#### Task details:
Reproduce the listing below exactly, except for its pictures.

#### Given material:
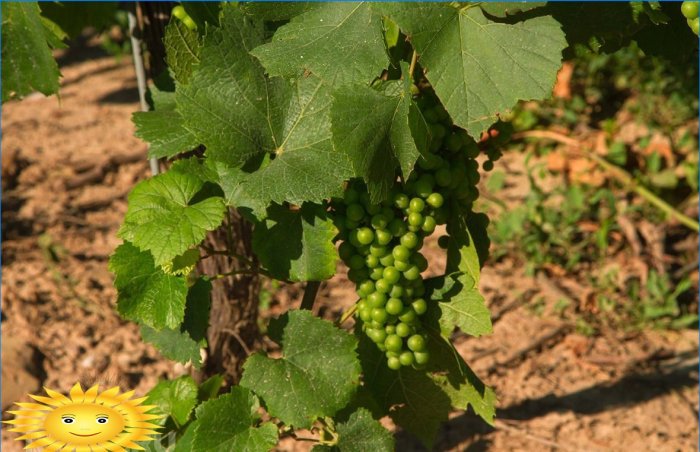 Viñedo inteligente: como plantar uvas correctamente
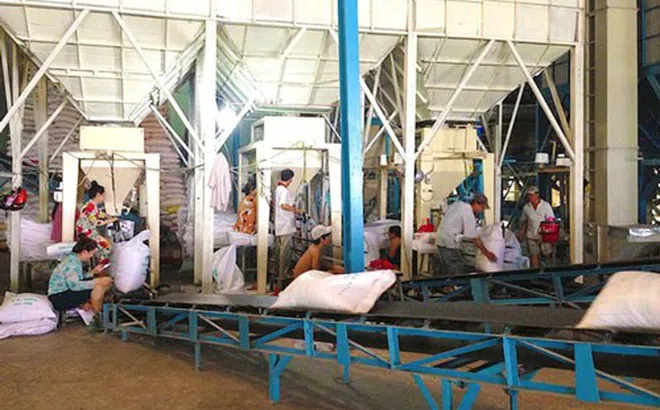 Trung Quốc và Indonesia tăng mua gạo Việt Nam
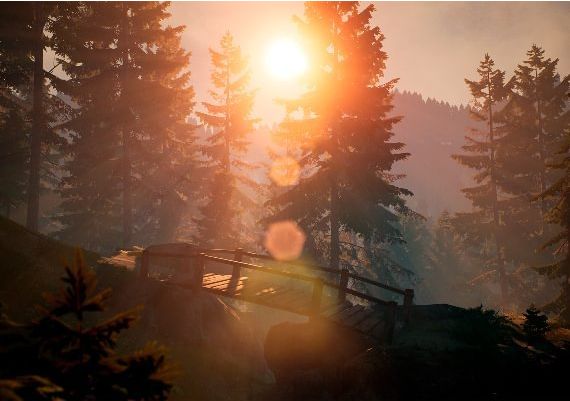 BIGFOOT Global Steam Digital Key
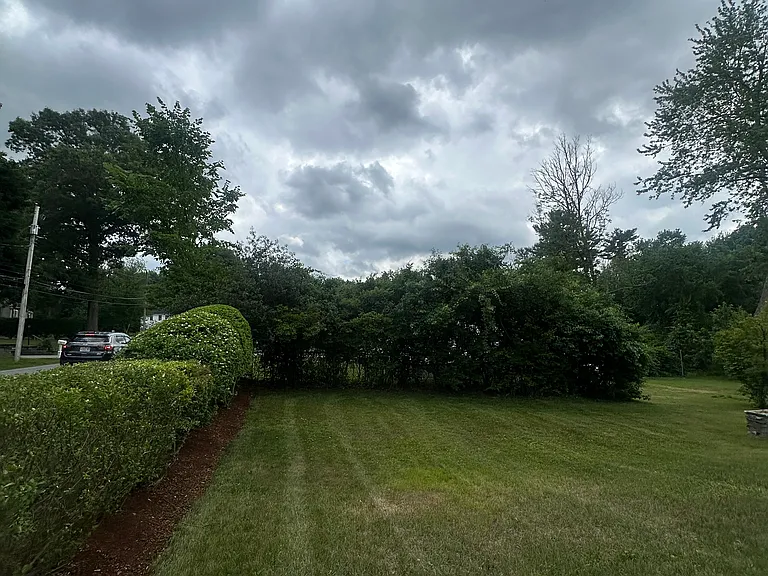 Professionally maintained lawn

#### Written answer:
 Viñedo inteligente: como plantar uvas correctamente
 Trung Quốc và Indonesia tăng mua gạo Việt Nam
 BIGFOOT Global Steam Digital Key
 Professionally maintained lawn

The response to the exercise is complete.